Uncoupling electrokinetic flow solutions

TL;DR

This paper presents an eigenvalue decomposition method to uncouple electrokinetic flow equations, simplifying the computation of electrokinetic phenomena and enabling reuse of existing solutions for complex coupled physics.

Contribution

The authors introduce an eigenvalue-based decoupling technique that transforms coupled electrokinetic equations into independent diffusion equations, facilitating easier analysis and computation.

Findings

The method accurately predicts streaming potential and electroosmosis in various scenarios.

It enables reuse of analytical and numerical solutions for coupled electrokinetic problems.

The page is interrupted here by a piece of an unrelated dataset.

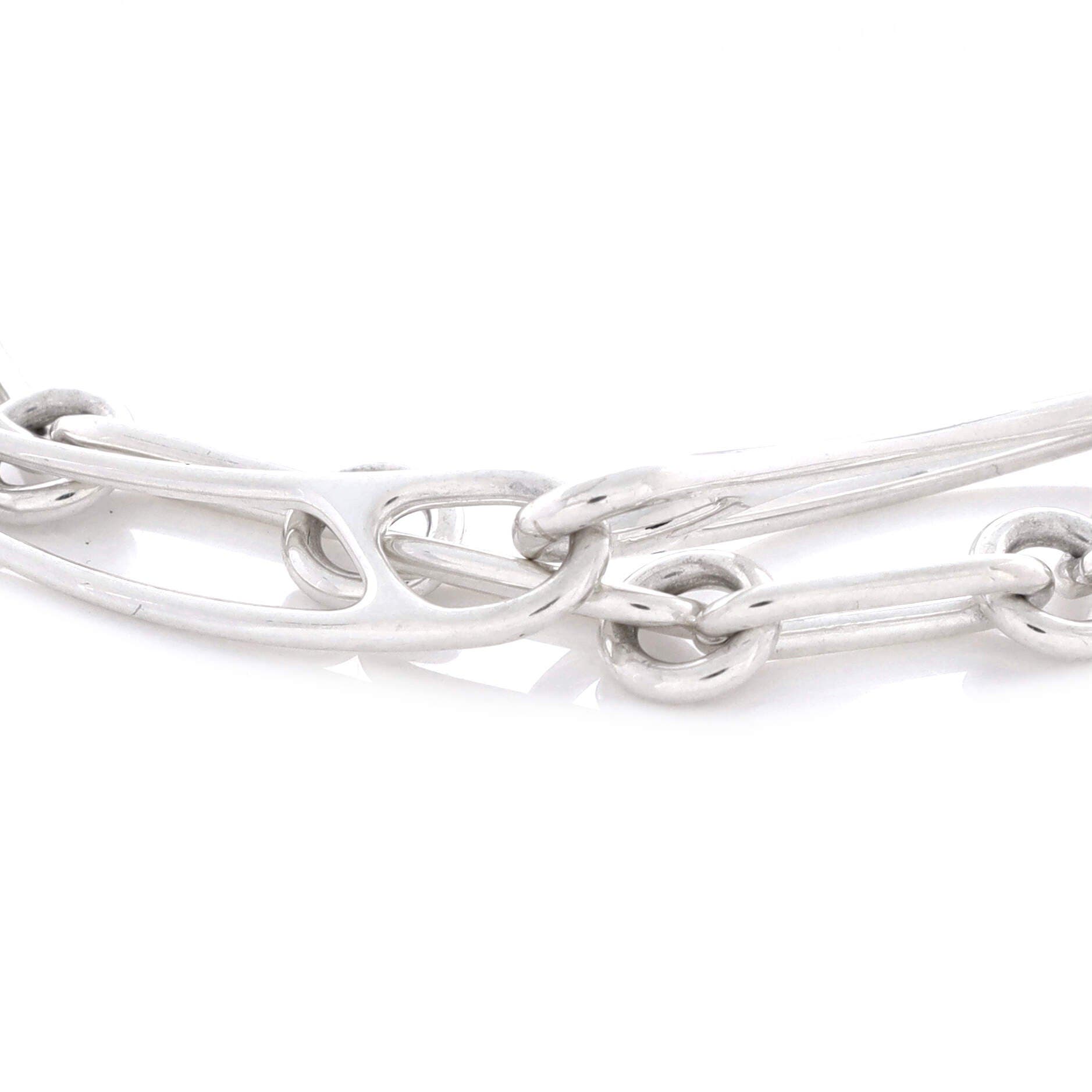 Pre-Owned Hermes Chaine d'Ancre Punk Bracelet Sterling Silver, Alternate, color, Silver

The approach simplifies complex coupled physics into manageable independent problems.

Abstract

The continuum-scale electrokinetic porous-media flow and excess charge redistribution equations are uncoupled using eigenvalue decomposition. The uncoupling results in a pair of independent diffusion equations for "intermediate" potentials subject to modified material properties and boundary conditions. The fluid pressure and electrostatic potential are then found by recombining the solutions to the two intermediate uncoupled problems in a matrix-vector multiply. Expressions for the material properties or source terms in the intermediate uncoupled problem may require extended precision or careful re-writing to avoid numerical cancellation, but the solutions themselves can be computed in typical double precision. The approach works with analytical or gridded numerical solutions and is illustrated through two examples. The solution for flow to a pumping well is manipulated to predict streaming potential and electroosmosis, and a periodic one-dimensional analytical solution is derived and used to predict electroosmosis and streaming potential in a laboratory flow cell subjected to low frequency alternating current and pressure excitation. The examples illustrate the utility of the eigenvalue decoupling approach, repurposing existing analytical solutions and leveraging simpler-to-derive solutions or numerical models for coupled physics.